If you are predominantly involved in ‘traditional’ communication and engagement methods and perhaps just dabbling in social media you’re an entrenched Dinosaur, and if you are all things social media then you’re one of those weird Geeks. But is this really what’s happening, or are we being too rigid with our labels?
In the last month the Midlands has witnessed both sides of this alleged divide, with the LGComms Academy in Nottingham and LocalGovCamp in Birmingham. One a conference, one an unconference, one run by traditionalists, one a gathering of the enlightened, with perhaps only a handful dipping their toes in both rivers. Now I didn’t go to either, but I did follow both of them via Twitter and subsequent blogs, and some things did concern me.
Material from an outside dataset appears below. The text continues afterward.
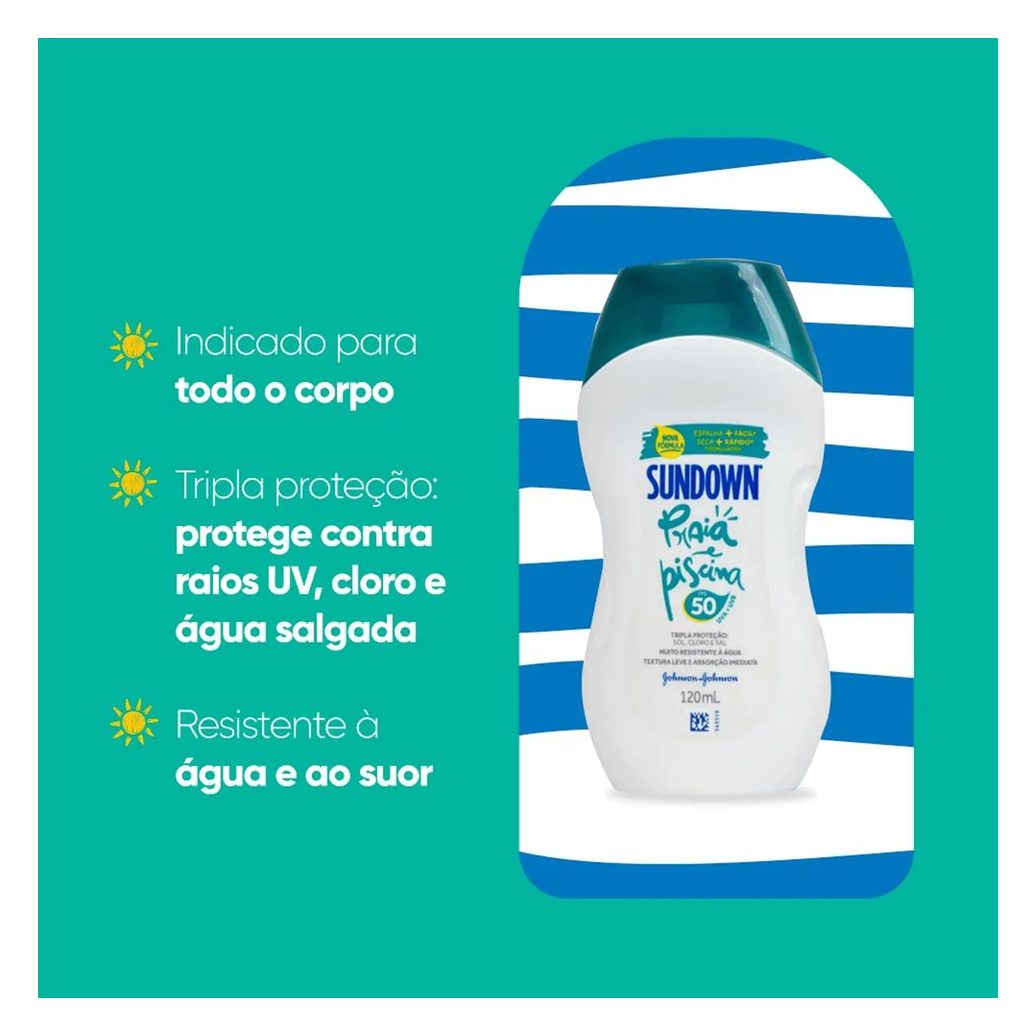 Protetor Solar Corporal Loção FPS 50 Sundown 120ml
One is that annual conferences are at risk of becoming repetitive in terms of format, speakers, and content, with many of the same people attending year after year at the expense of other colleagues. But some bloggers are warning that unconferences need to make sure they don’t go the same way, and that they reach out more effectively to keep things fresh and bring others in.
Secondly, there is the growing risk that the real Dinosaurs who don’t believe in social media and the evangelists for it (I don’t believe there are many) are ruining it for those other Dinosaurs who are trying to catch up with and learn from the Geeks. They are unfairly being tarred with the same brush, and as a result some of the Geeks are thinking that these people should stay in their old world and let the new kids (I refuse to put a ‘z’ on the end of that word) get on with it.
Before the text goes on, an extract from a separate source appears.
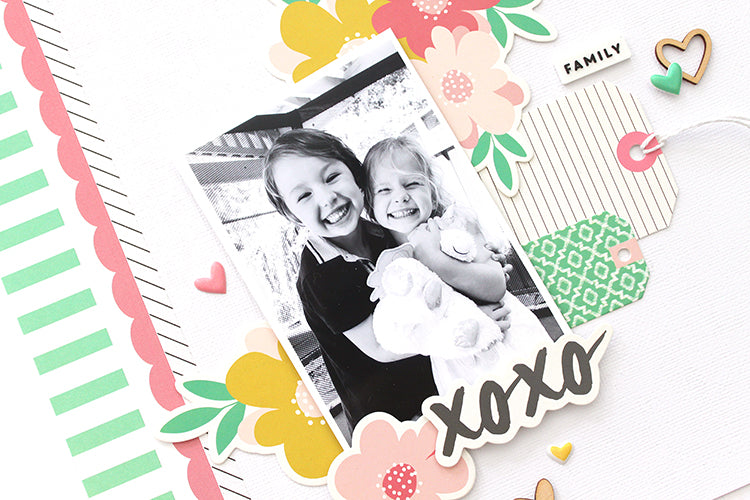 'Love These 2' layout using the Jaimee Kit 2 | Mandy Melville | Felicity Jane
Now I’m exaggerating for effect, and the labels I’ve used are neither accurate nor fair, but there is some mileage in this. The key to effective communication and engagement is to tailor what we do to meet residents’ needs, otherwise local government communications will become irrelevant.
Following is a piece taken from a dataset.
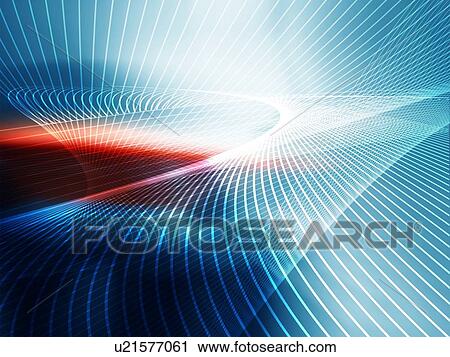 Stock Image - Abstract line pattern, artwork. Fotosearch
Research shows that residents still want some of the traditional channels, as well as the new ones, so as good communicators we should do both. Communications teams must include the whole range of different skills to deliver a multi-channel approach, with a common attitude of a willingness to use what works and learn and try something new.
This debate around old and new was taking place a couple of years ago, and it hasn’t really moved on. In an era where innovation is greater than ever, the next new thing in town should be to break down the barriers. The only traditional things left are the labels.